> [Work order] For each entry below, copy the text exactly and leave out any picture.

> [Material for the task]
§ §

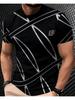 Men's T Shirt Breathable 3D Digital Print Striped T-Shirt - Short Sleeve Round Neck Summer Casual Comfortable Stretch Fit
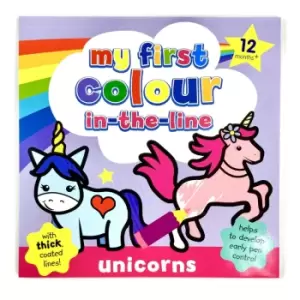 Image of My First Colour In The Line Unicorns Colouring Book - New And In Stock - Activity Books - Childrens Toys & Birthday Present Ideas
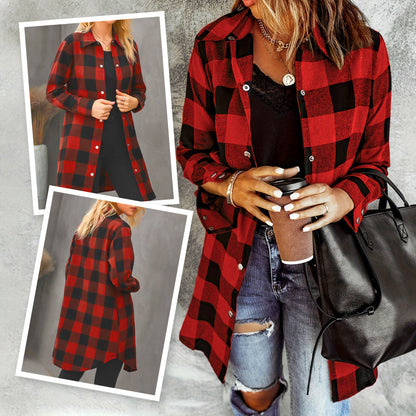 🔥Big Sale 50% OFF🔥Women’s Plaid Longline Shirt Jacket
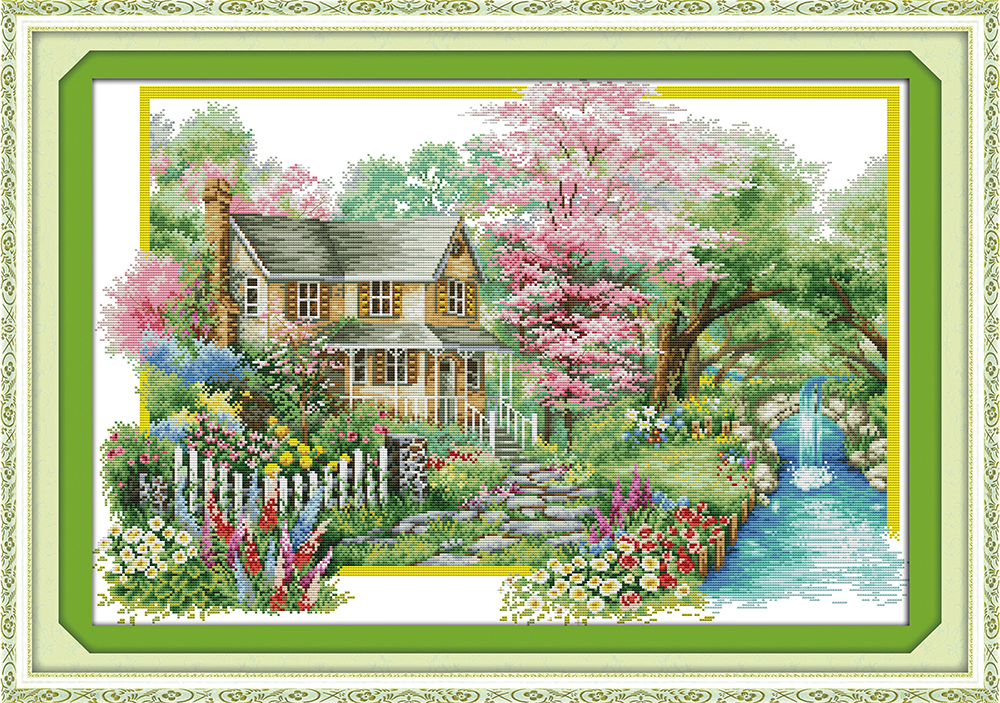 

Flowers villa home decor painting ,Handmade Cross Stitch Embroidery Needlework sets counted print on canvas DMC 14CT /11CT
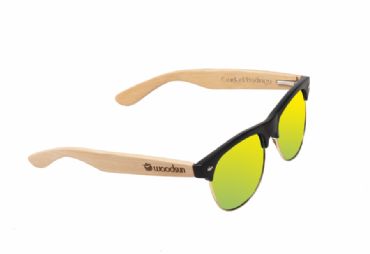 Gafas de sol de madera MIX Natural de Bambú  & Yellow lens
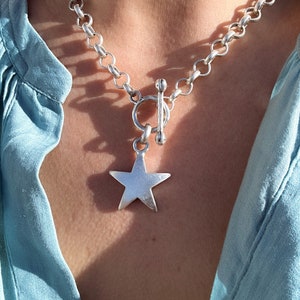 Star T Bar Chain Necklace – antique silver plated toggle choker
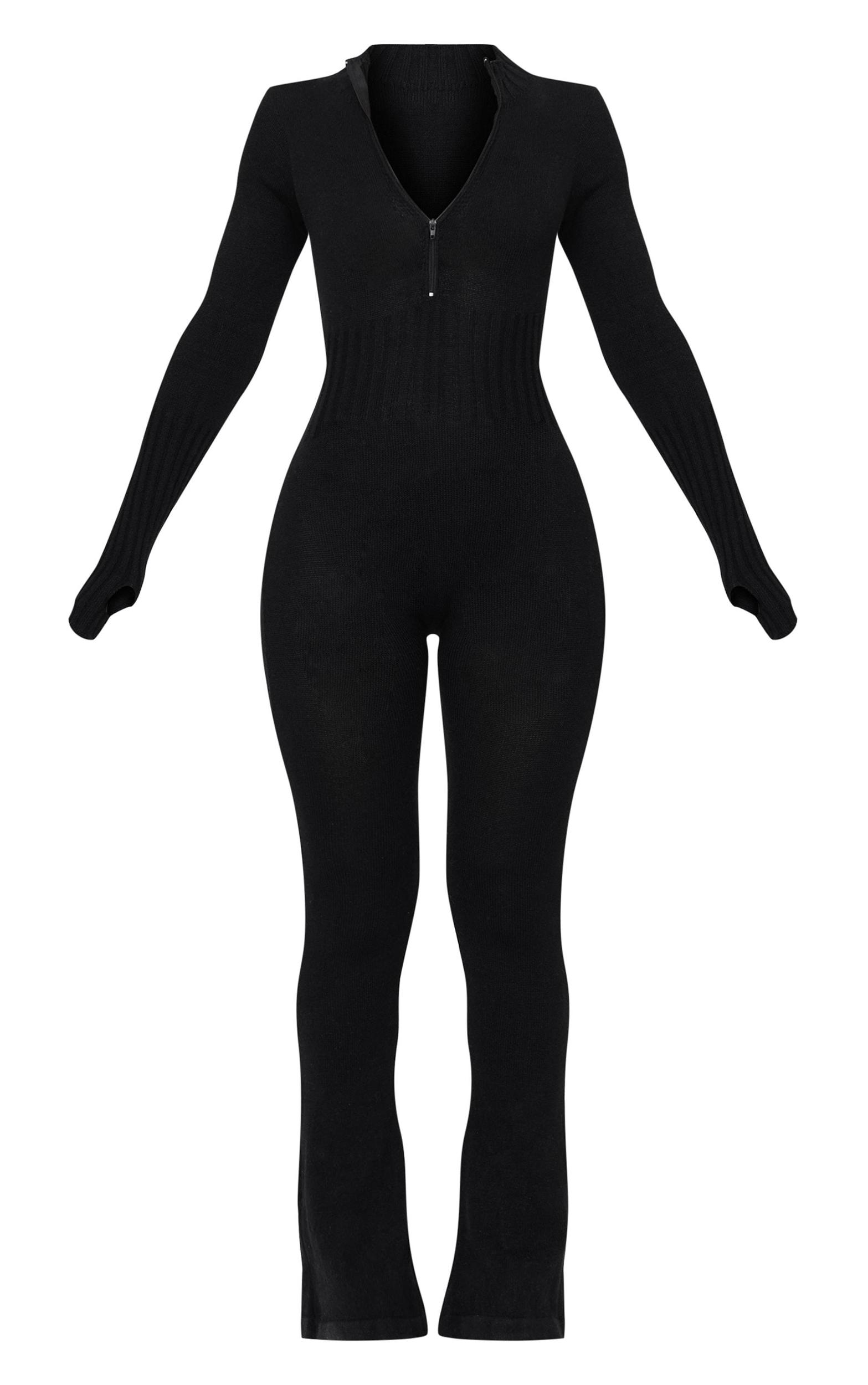 Petite Black Knitted Flared Zip Up Jumpsuit Product Image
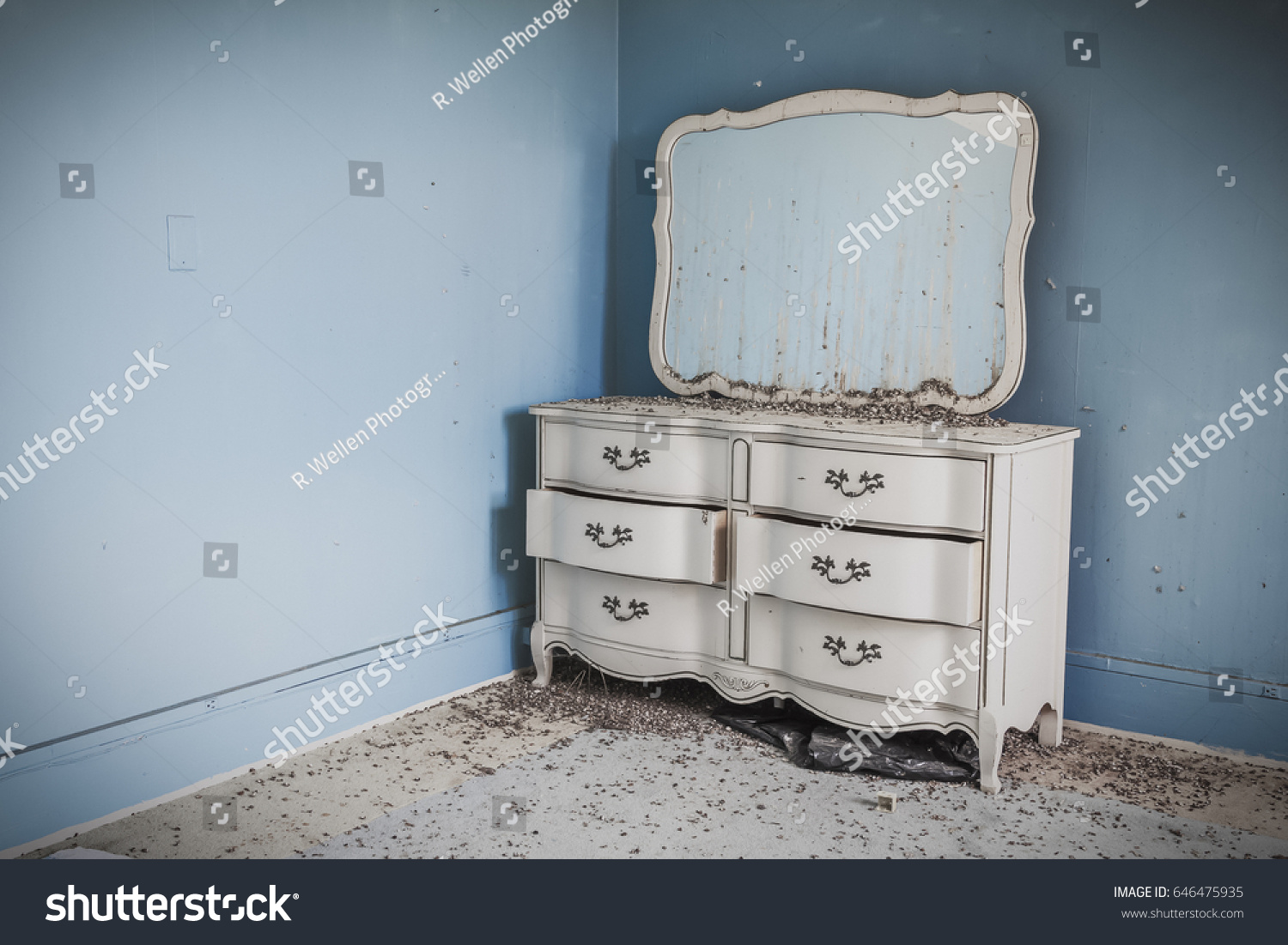 blue baby dresser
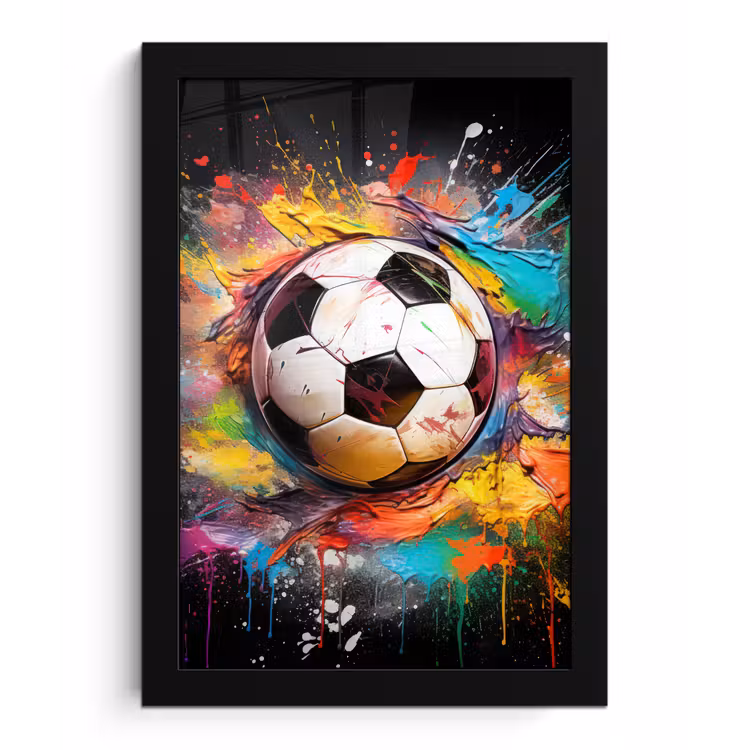 Poster met lijst - Voetbal - Verf - Kleuren - Zwart - Wit — 1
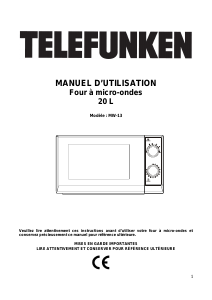 Mode d’emploi Telefunken MW13 Micro-onde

§ §

> [Worked solution]
 Men's T Shirt Breathable 3D Digital Print Striped T-Shirt - Short Sleeve Round Neck Summer Casual Comfortable Stretch Fit
 Image of My First Colour In The Line Unicorns Colouring Book - New And In Stock - Activity Books - Childrens Toys & Birthday Present Ideas
 🔥Big Sale 50% OFF🔥Women’s Plaid Longline Shirt Jacket

Flowers villa home decor painting ,Handmade Cross Stitch Embroidery Needlework sets counted print on canvas DMC 14CT /11CT
 Gafas de sol de madera MIX Natural de Bambú  & Yellow lens
 Star T Bar Chain Necklace – antique silver plated toggle choker
 Petite Black Knitted Flared Zip Up Jumpsuit Product Image
 blue baby dresser
 Poster met lijst - Voetbal - Verf - Kleuren - Zwart - Wit — 1
 Mode d’emploi Telefunken MW13 Micro-onde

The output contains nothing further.